But researchers have now warned there could be more to come with sea slime potentially triggering tsunamis that could strike Europe. 

One fifth of all tsunamis can be traced back to underwater landslides, according to a new study, as layers of slime build up thanks to microscopic fossils that line the ocean floor.

A report published in the journal Geology says: “When the seabed loses its stability and starts to move, it often happens in much larger dimensions than landslides ashore – and at slopes with very low gradients.”

Study author Dr Morelia Urlaub, a marine geoscientist at the Geomar Helmholtz Centre for Ocean Research in Kiel, Germany, said: “Submarine landslides happen on very shallow slopes, often with gradients as low as one or one-and-a-half degrees.

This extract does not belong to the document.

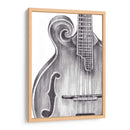 Estudio De Instrumentos De Cuerda Ii - Ethan Harper | Cuadro decorativo de Canvas Lab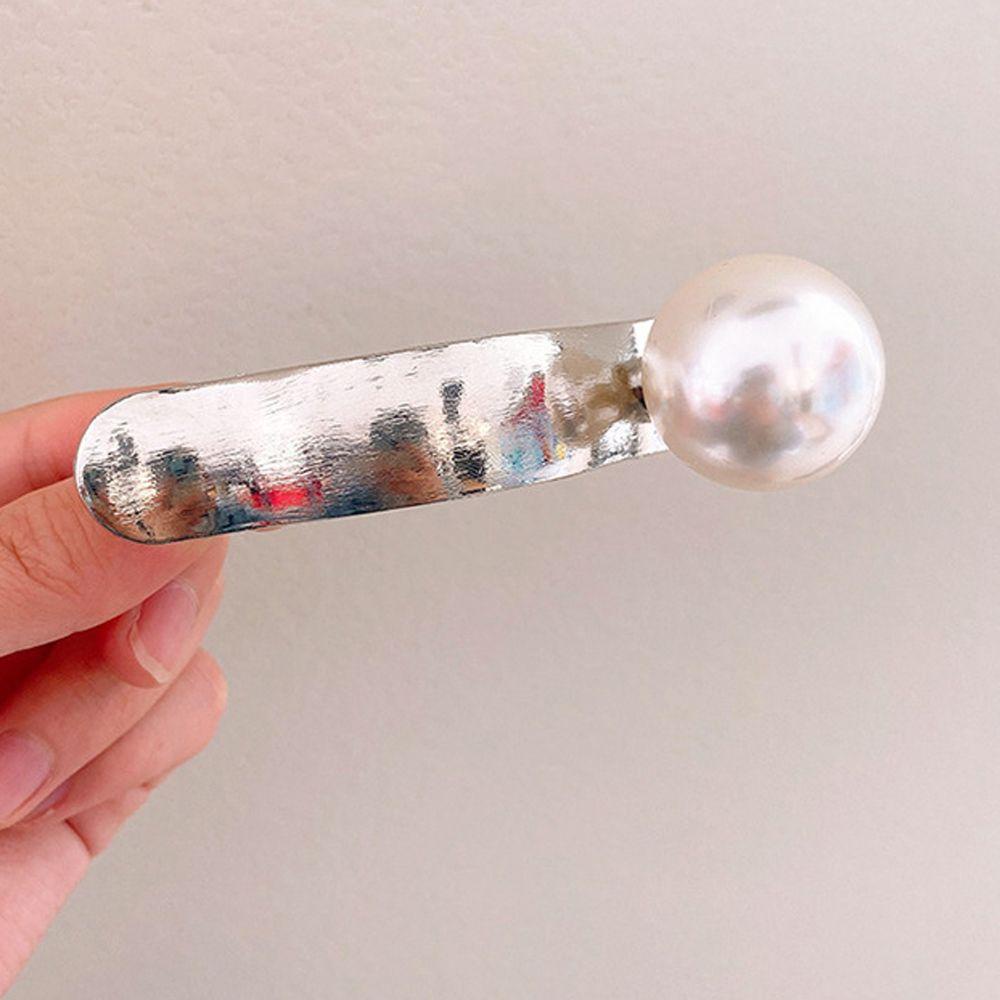 JARRED Kẹp Tóc Mỏ Vịt Kiểu Retro Pháp Thiết Kế Thanh Lịch Cho Nữ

“Displacement of large amounts of sediment under water can cause devastating tsunamis.”

However, the report added that finding for the source of the landslide is more difficult as it is submerged.

It reads: “Searching for the causes of such landslides is much more difficult underwater than on land due to their inaccessibility.”

Not only do the landslides and the subsequent tsunamis pose a threat to life on land, it can also wreak havoc for us from under the water.

Dr Urlaub told Live Science the landslides are “a threat to any infrastructure on the seabed, such as those related to hydrocarbon exploration, pipelines and telecommunication cables, affecting our internet traffic.”

The researchers determined that microalgae known as phytoplankton are responsible for the landslide, and there is a build up near the borders of northern Africa which could trigger a landslide to parts of southern Europe.

The report said: “These phytoplankton organisms form shells out of silica. In some phases of the earth’s history, large amounts of diatoms form, the shells of which, after dying, sink to the bottom of the sea and form thick layers.

“Since diatomaceous oozes appear to be a common feature off the Northwest African coast as observed in seismic data, the authors assume that this phenomenon is also the reason for other mega-slides in the region.”